Photo: Paul Van Damme
This is why you when you listen to broadcast FM radio, even with any scratchiness that eats into the signal, you feel like you are physically co-located with the sound. FM radio doesn’t have a sample frequency as such, because it’s continuous and analog, but it has a dynamic range of 30 Hz to 15 kHz, which covers most spoken, sung, and musical tones.
But here’s the thing. If the PSTN is all digital in its core, why can’t we just stick digital filters on both ends that let us capture a greater range of audible frequencies with greater accuracy and greater clarity? The PSTN allots 64 Kbps in its circuit-switched (dedicated capacity) approach to each voice call, but modern compression is much better. GSM cell networks use a standard that can stream at from about 5 Kbps to 12 Kbps.
An AAC file at nearly the same quality as an uncompressed audio CD recording can encode roughly 20 Hz to 22 kHz (to get the highs and lows of music) with 16-bit stereo samples to provide nice differentiation in that range at a rate of 44.1 kHz for clarity in about 128 Kbps.
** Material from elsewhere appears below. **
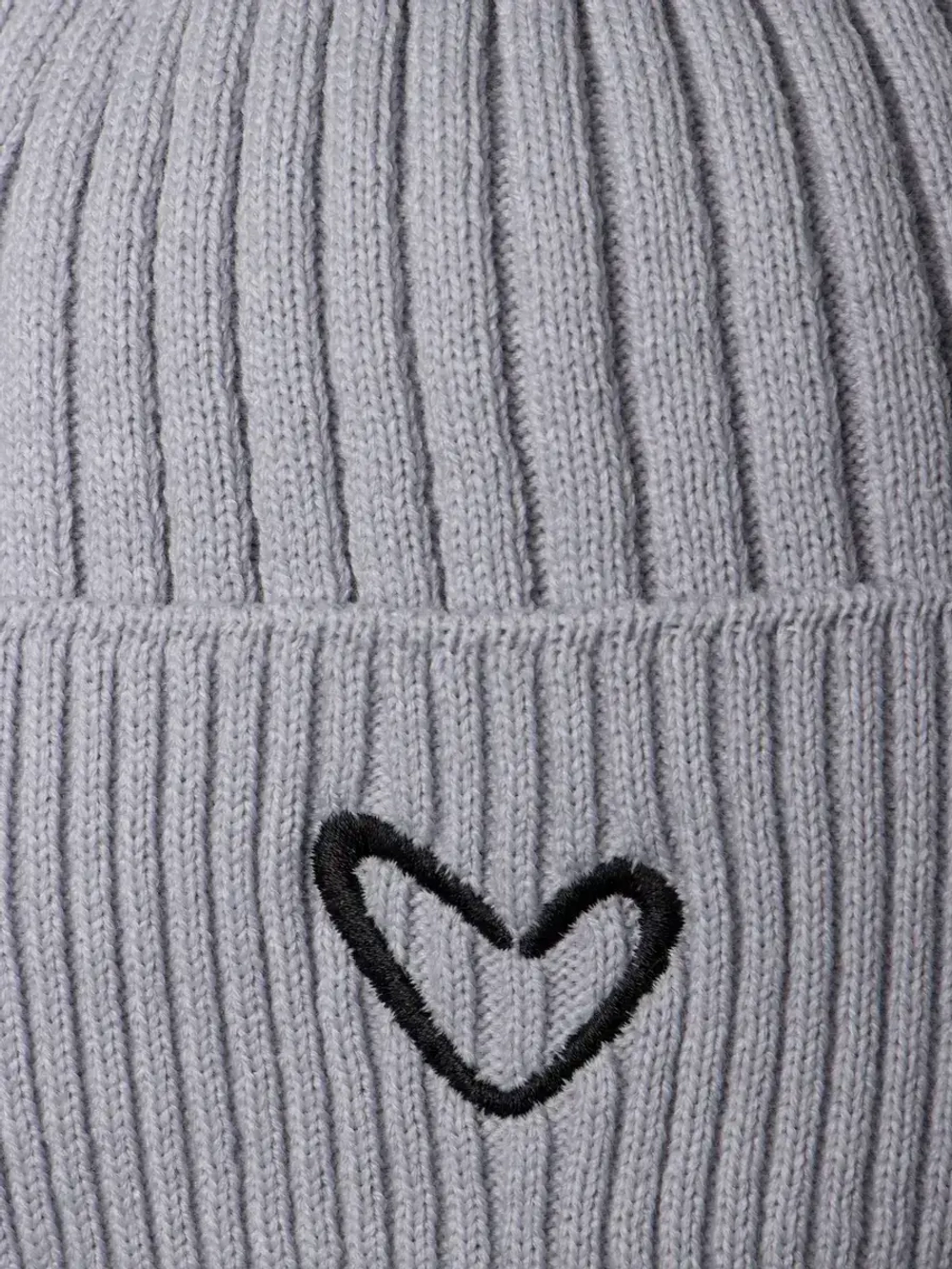 Шапка для девочки осенняя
But that’s for music. Spoken voice can be compressed even further, down to 48 to 96 Kbps, while maintaining excellent quality.
Given that a DSL line using the same two wires that carry analog voice can handle 24 Mbps and even more these days, what gives with voice? Possibly one day, we’ll see the end of analog phones and analog lines when nearly everyone has Internet-based VoIP or a mobile phone, and the remaining holdouts (the stubborn, the elderly, and the poor, typically) are forced to attach adapters. (That’s how the U.S. managed the digital television switchover.)
But for now, the PSTN is the PSTN and the Internet is the Internet, and the two kinds of switching networks don’t meet except at gateways. VoIP-to-VoIP over the Internet provides a workaround. Even the earliest successful VoIP calls I can remember making between two computers sounded better to me than any traditional voice call. The problem was always latency (the time it takes for data to transit from one end to the other) and jitter (the consistent delivery in order of necessary packets). Latency is down, jitter reduced, and quality has improved dramatically since the late 1990s, as better compression techniques, more processing power, and the greater availability of bandwidth allows a richer representation of voice.
Skype wasn’t the first system to allow end-to-end VoIP calls by a long shot, although it is surely the most popular at present. It has stepped through a few codecs (the algorithms that convert uncompressed digital representations of media into more compact ones and back again) since its 2003 introduction, and developed its own, SILK, in 2009. SILK captures 70 Hz to 12 kHz at sample rates that vary from 8 to 24 kHz and result in throughput of 6 to 40 Kbps. It varies depending on conditions, with the best results with the highest consistent available throughput.
I’ve done a fair amount of radio guesting in the last several years, and I remember that lovely feel the first time of putting on a set of headphones in the studio, talking into a nice mic, and hearing myself and the host sound as rich through my ears as when I listen to actual broadcasts and podcasts. When I started using Skype routinely around the same time, I had the same reaction: this has the warmth, fullness, and clarity of radio broadcasts. (In a bit of irony, I am often interviewed by radio shows from home via Skype. The program records both ends of the call on its side, and I use Audio Hijack Pro to record my end using a Blue Yeti mic. I send them my audio file, but they have theirs in case of a problem with my recording.)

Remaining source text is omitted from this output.